Anyone who has played Xenogears can appreciate video games as art. (Unless you didn't like it. But then you're crazy, and none of your opinions are valid.) Though the dialogue (it's a translation) isn't so great, the story and music more than make up for it. It's something I wouldn't have an issue with recommending to an English teacher. Planescape: Torment is along the same lines, but with a much more well-written text. Most of the game can (re: SHOULD) be done through conversations, instead of killing everything. The story is much simpler than Xenogears, but with the same amount of depth. I'd say play it, but have fun finding it. Truly art-worthy, though. Sucks that Black Isle was closed down.
This sig is only here so people stop skipping the last lines of my posts.
I have long thought of programming as art. Not just game programming, which I do as a hobby, but also to a certain extent the business/database programming that I do in my day job.
Of course, I have had a hard time rationalizing this out loud or explaining it to anyone. When I sit down and write a object-oriented wrapper to procedural database commands, or write my own login/session-key code, I *feel* the same way I do when I am doin art-- Art is a big part of my life. I write and draw and sculpt all the time. Everything I truly enjoy doing is art... except programming. Why then does it feel like art when I am doing it?
Most people define art in terms of art-appreciation. Nobody ever looks at or admires the scripts I write on the company mail server. So for the longest time I rejected the idea of actually calling programming art.

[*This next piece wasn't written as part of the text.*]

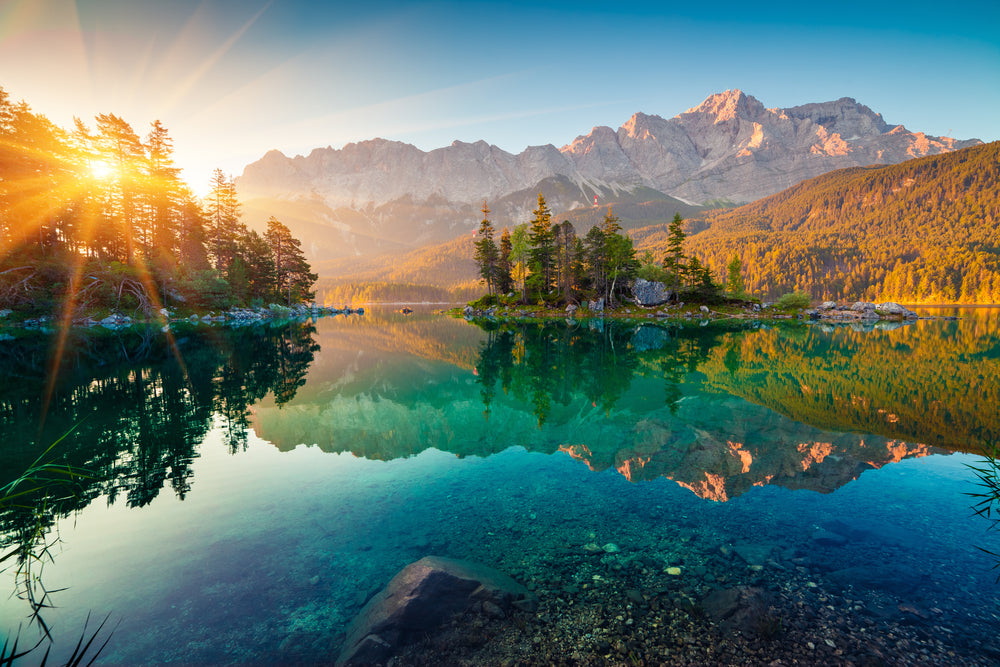 Sunrise View on Eibsee Lake with Zugspitze Mountain Range Photograph Print 100% Australian Made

But lately I have been getting a better appreciation of minimalism. I used to hate abstract art, and minimalist art, until I actually started to do a little bit of it. To the non-artist, art is in the appreciation, but to the artist, art is in the creation. Recently, a teacher of mine, Jay Mccafferty was telling me about his favoured field of art, "Process Art". If you follow the link, you will see a couple of examples of his work-- he freely admits that they don't look like much, and that if you didn't frame them and put them up in a gallery, nobody but him would know they were art, but that isn't the point. The point is the process of creation. He spends a lot of time on his art, and puts a lot of thought and emotion into them. Most of this is invisible to the causal observer. "Artistic Entropy" if you will; lost data. But the end result is still kinda pretty, isn't it? I think so anyway.
So I applied that concept to the idea of programming-as-art, and it really fit well. Nobody at work who uses my inventory control web-app is going to see any of the parts of code that I am really proud of. Things that took me days of hard work are going to flicker into their browser in a few seconds-- But that isn't the important part to me. The part that matters to me, as the programmer/artist was the process of writing it. The experience.
Or something like that ;)
Words can be art too when used in a deliberately stylish/expressive way. Think of poems and songs.

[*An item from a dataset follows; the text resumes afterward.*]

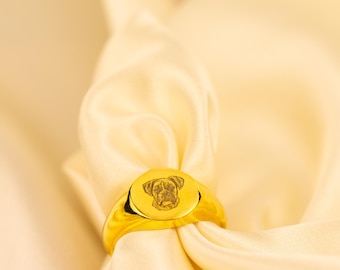 Custom Pet Portrait Ring – Engraved Personalized Ring – Memorial Pet Jewelry – Dainty Minimalist Handmade Ring – Gifts for Pet Lovers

I'm sorry but the nature of art IS the purpose or the intent of the artist (or artists) that realize the work in question.

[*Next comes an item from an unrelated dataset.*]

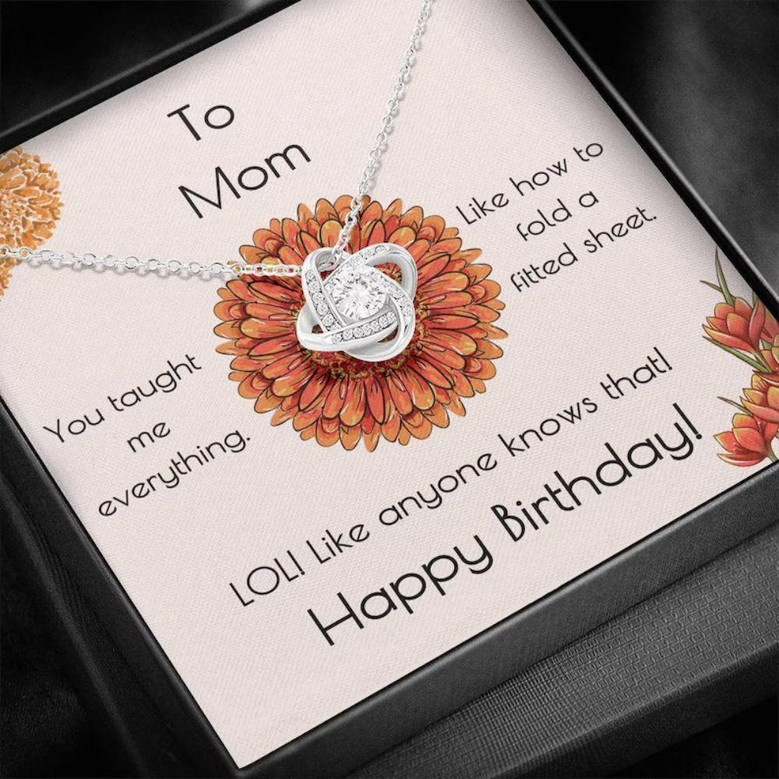 Mom Necklace, Mom Birthday Gift Fitted Sheet Love Knot Necklace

If it is worth anything artistically is a matter of debate, and of taste. But It is the intent that makes the art.
That is why if you see some rock with an interesting shape, it can be beautiful, but it's not art. Because there was no intent in creating it.
If someone takes that boulder and put's it on display, and calls it "Attack ship on the shoulder of Orion". Then it is art. It might suck, be lame or lazy, derivative or cliché. It might be artistically worthless. But that's not the point.
There was intent in putting it in context, however lame it may be.
There seems to be a misunderstanding that to be art, an object, work or process as to have a standard of quality. Or a certain degree of pompousness. As if "Art", with a capital A is something else in a class on it's own.
The artisitc intent makes the piece. Whether or not it is good is a matter of taste, and analysis.
The problem with the article, is that it does not adress some of the more interesting issues. Like that videogame as an artform has yet to come into is own. Videogames are still an immature medium. It's highly derivative of movies in it's grammar and the way that it conveys information.
It is somewhat natural, being partly a visual medium, like movies. But I think that as it matures, the medium will acquire it's own distinctive grammar, it's own style guidelines.
Videogames are a mix of interactivity, visual stimulation, intellectual stimulation, fine motor skills as well as dramatic tension. But it has yet to fully exploit all of those element with any degree of consistency, partly because of it's cinema heritage, and the strong familiarity that people have of it.
The same way that cinema gradually moved away from the theatre mindset and that photography moved away from a painting mindset, while still retaining caracteristics reminiscing of them, videogames are evolving and will continue to evolve.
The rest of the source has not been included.